A second case is examined in the figure of Blaise Cendrars, who served in the French Foreign Legion during the war until he was seriously wounded. Through close readings of several fundamental postwar texts like La Guerre au Luxembourg (1916) and J'ai tué (1918) as well an examination of the film J'Accuse (1919), one sees how this poet resisted the idea that soldiers should become writers and how his renunciation of this double role became a crucial part of his personal mythology, helping to explain his mythologized disappearance from poetry in 1917 following the amputation of his right hand.
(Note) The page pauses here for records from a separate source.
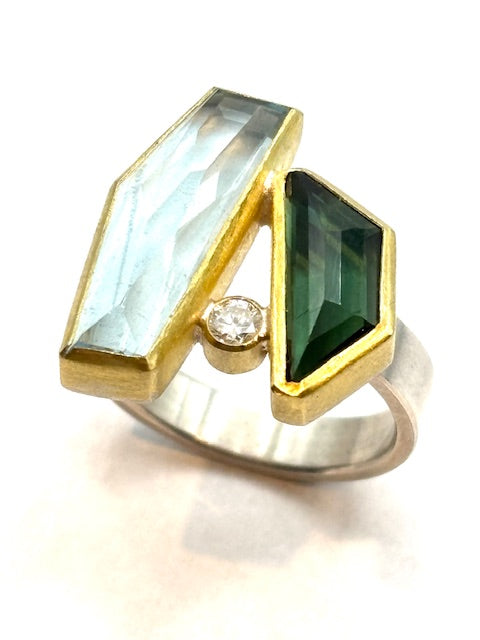 22kt/SS Geometric Aquamarine Tourmaline Diamond Ring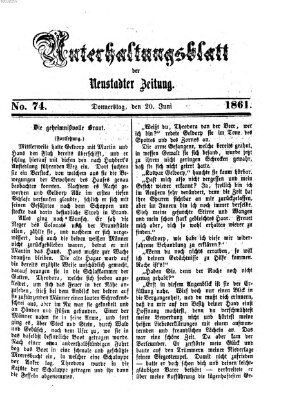 Neustadter Zeitung. Unterhaltungsblatt der Neustadter Zeitung (Neustadter Zeitung) Donnerstag 20. Juni 1861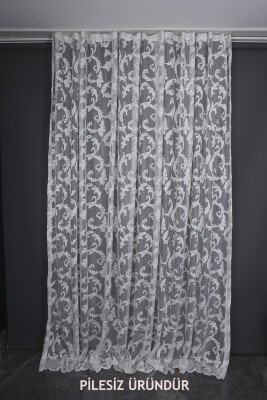 SULTAN 1 MODEL KIRIK BEYAZ RENK PİLESİZ TEK KANAT Fon Perde 300*260 cm - AKÇA TEKSTİL
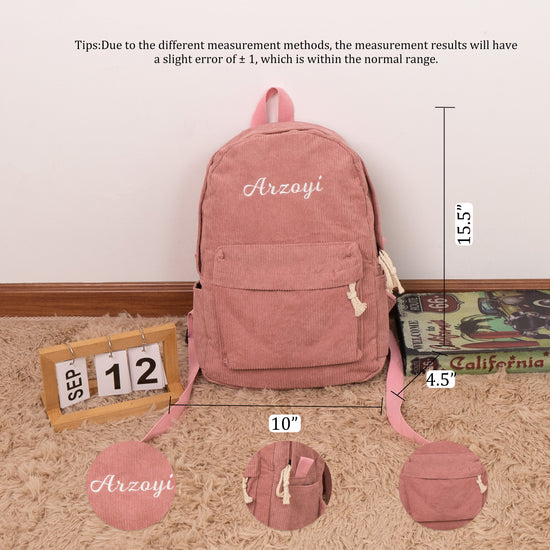Corduroy School Backpack for Kids Girls Women Casual High School College Work Travel Shoulder Bag - MTWORLDKIDS.COM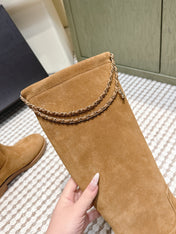 CHANEL 25S KNEE-HIGH BOOTS IN CARAMEL SUEDE GOLD HARDWARE
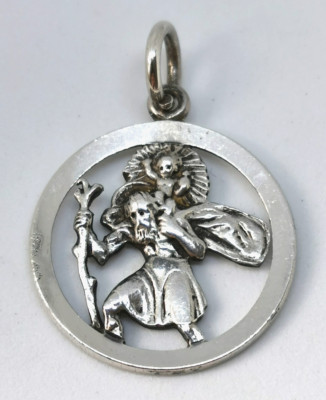 VINTAGE, STERLING SILVER, CUT OUT, ST CHRISTOPHER PENDANT, SLADE & KEMPTON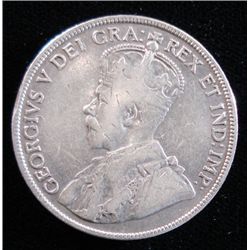 1918-C NEWFOUNDLAND 50 CENT, VF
Through comparing the poetic careers of Apollinaire and Cendrars, two distinct responses to the question of how to witness the war emerge. Furthermore, the social phenomenon of the democratization of the poet in the trenches provides an essential backdrop to approaching wartime texts of witness, from both Apollinaire and Cendrars, as well as lesser-known writers such as René Dalize, Lucien Linais, Marc de Larreguy de Civrieux and Pierre Reverdy.